Given a field $K$ of either real or complex numbers, let $K^{m \times n}$ be the $K$-vector space of matrices with $m$ rows and $n$ columns and entries in the field $K$. A matrix norm is a norm on $K^{m \times n}$ and a function $\lVert \cdot \rVert : K^{m \times n} \rightarrow \mathbb{R}$ that must satisfy the properties.

For all scalars $\alpha \in K$ and matrices $A,B\in K^{m\times n}$,

• $\lVert A \rVert \geq 0$ (positive-valued)
• $\lVert A \rVert = 0 \iff A = 0$ (definite)
• $\lVert \alpha A^n \rVert \leq \lvert \alpha \rvert \lVert A \rVert^n$ (absolutely homogeneous)
• $\lVert A + B \rVert \leq \lVert A \rVert + \lVert B \rVert$ (sub-additive or satisfying the triangle inequality)

Matrix norms are particularly useful if they are also sub-multiplicative:

• $\lVert AB \rVert \leq \lVert A \rVert \lVert B \rVert$ (sub-multiplicative)

But it is not a necessary requirement for matrix norm.

An example of the matrix norm that also satisfies the sub-multiplicative property is Frobenius norm.

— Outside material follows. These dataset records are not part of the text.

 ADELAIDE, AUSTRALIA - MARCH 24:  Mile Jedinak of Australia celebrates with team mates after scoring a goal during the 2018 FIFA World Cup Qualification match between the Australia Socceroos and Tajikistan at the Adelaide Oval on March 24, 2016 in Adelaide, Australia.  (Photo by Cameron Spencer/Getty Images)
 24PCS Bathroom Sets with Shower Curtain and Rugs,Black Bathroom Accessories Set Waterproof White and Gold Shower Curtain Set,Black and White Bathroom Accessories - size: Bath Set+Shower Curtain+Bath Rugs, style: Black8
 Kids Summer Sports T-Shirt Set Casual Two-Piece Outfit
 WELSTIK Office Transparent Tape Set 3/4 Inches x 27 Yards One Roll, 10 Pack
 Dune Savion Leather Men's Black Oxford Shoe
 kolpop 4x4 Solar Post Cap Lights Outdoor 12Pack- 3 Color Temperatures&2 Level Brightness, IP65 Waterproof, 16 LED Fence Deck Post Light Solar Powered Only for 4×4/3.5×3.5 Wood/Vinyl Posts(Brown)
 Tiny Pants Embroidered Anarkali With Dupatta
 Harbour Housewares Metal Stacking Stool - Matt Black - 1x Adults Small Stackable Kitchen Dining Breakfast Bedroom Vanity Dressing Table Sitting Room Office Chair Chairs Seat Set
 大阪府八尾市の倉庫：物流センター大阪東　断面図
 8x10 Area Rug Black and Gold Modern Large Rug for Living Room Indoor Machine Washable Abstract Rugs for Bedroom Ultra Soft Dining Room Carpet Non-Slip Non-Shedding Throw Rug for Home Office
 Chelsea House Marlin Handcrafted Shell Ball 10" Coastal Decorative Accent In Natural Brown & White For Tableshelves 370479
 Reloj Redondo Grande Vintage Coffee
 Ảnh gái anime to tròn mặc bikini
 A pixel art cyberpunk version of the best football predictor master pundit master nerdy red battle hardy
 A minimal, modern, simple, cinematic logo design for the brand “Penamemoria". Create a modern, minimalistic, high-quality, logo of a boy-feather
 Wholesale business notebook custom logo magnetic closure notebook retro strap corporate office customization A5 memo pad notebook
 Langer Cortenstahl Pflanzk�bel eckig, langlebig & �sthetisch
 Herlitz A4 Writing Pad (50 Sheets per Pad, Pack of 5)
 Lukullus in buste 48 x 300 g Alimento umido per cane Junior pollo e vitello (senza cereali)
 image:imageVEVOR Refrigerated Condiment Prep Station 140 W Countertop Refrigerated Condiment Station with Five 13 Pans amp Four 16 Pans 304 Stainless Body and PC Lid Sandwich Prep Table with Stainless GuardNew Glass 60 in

\begin{align} \lVert A \rVert_{F} &= \sqrt{\sum_{i=1}^{m} \sum_{i=1}^{n} \lvert a_{i,j}\rvert^2} \\ &= \sqrt{\text{trace}(A^{\dagger}A)} \\ \end{align}

### Power Matrix Series Convergence

If the analytic function $f$ has the Taylor expansion

\begin{align} f(x) &= \sum_{i=0}^{\infty} c_i x^i \\ &= c_0 + c_1 x + c_2 x^2 + \cdots \\ \end{align}

Then a matrix function $A \mapsto f(A)$ can be defined by substituting $x$ by a square matrix: powers become matrix powers, additions become matrix sums and multiplications by coefficients become scalar multiplications. If the series converges for $\lvert x \rvert < r$, then the corresponding matrix series

\begin{align} f(A) &= \sum_{i=0}^{\infty} c_i A^i \\ &= c_0 + c_1 A + c_2 A^2 + \cdots \\ \end{align}

converges for matrices $A$ such that $\lVert A \rVert < r$ for some matrix norm that satisfies the sub-multiplicative property $\lVert AB \rVert \leq \lVert A \rVert \lVert B \rVert$.

This can be proved by contradiction.

Proof

Because of the sub-multiplicative property $\lVert AB \rVert \leq \lVert A \rVert \lVert B \rVert$, we must have

$$\lVert A^n \rVert \leq \lVert A \rVert^n$$

We further take the limit on both side

$$\lim_{n \rightarrow \infty} \sup \lVert A^n \rVert \leq \lim_{n \rightarrow \infty} \sup \lVert A \rVert^n$$

$\lim_{n \rightarrow \infty} \sup$ was used for $\lVert A^n \rVert$ because we don’t know if $\lVert A^n \rVert$ has a limit. However, because $f(\lvert x \rvert)$ converges for $\lvert x \rvert < r$ and $\lVert A \rVert < r$, $f(\lVert A \rVert)$ must converge. So we must have

$$\lim_{n \rightarrow \infty} c_n \lVert A \rVert^n = 0$$

and

$$\lim_{n \rightarrow \infty} \sup \lVert A \rVert^n = \lim_{n \rightarrow \infty} \lVert A \rVert^n = 0$$

Because

$$\lim_{n \rightarrow \infty} \sup \lVert A^n \rVert \leq \lim_{n \rightarrow \infty} \sup \lVert A \rVert^n = 0$$

and with the basic property of matrix norm positive-valued

$$\lim_{n \rightarrow \infty} \inf \lVert A^n \rVert \geq 0$$

$\lVert A^n \rVert$ must have a limit and

$$\lim_{n \rightarrow \infty} \lVert A^n \rVert = 0$$

With the basic property of matrix norm definite, we must have

$$\lim_{n \rightarrow \infty} A^n = 0$$

Suppose the matrix series $\sum_{i=0}^{\infty} c_i A^i$ does not converge, we will have

$$\lim_{n \rightarrow \infty} c_n A^n \neq 0$$

and further

$$\lim_{n \rightarrow \infty} A^n \neq 0$$

This raised the contradiction.

Therefore, the matrix series $\sum_{i=0}^{\infty} c_i A^i$ must converge.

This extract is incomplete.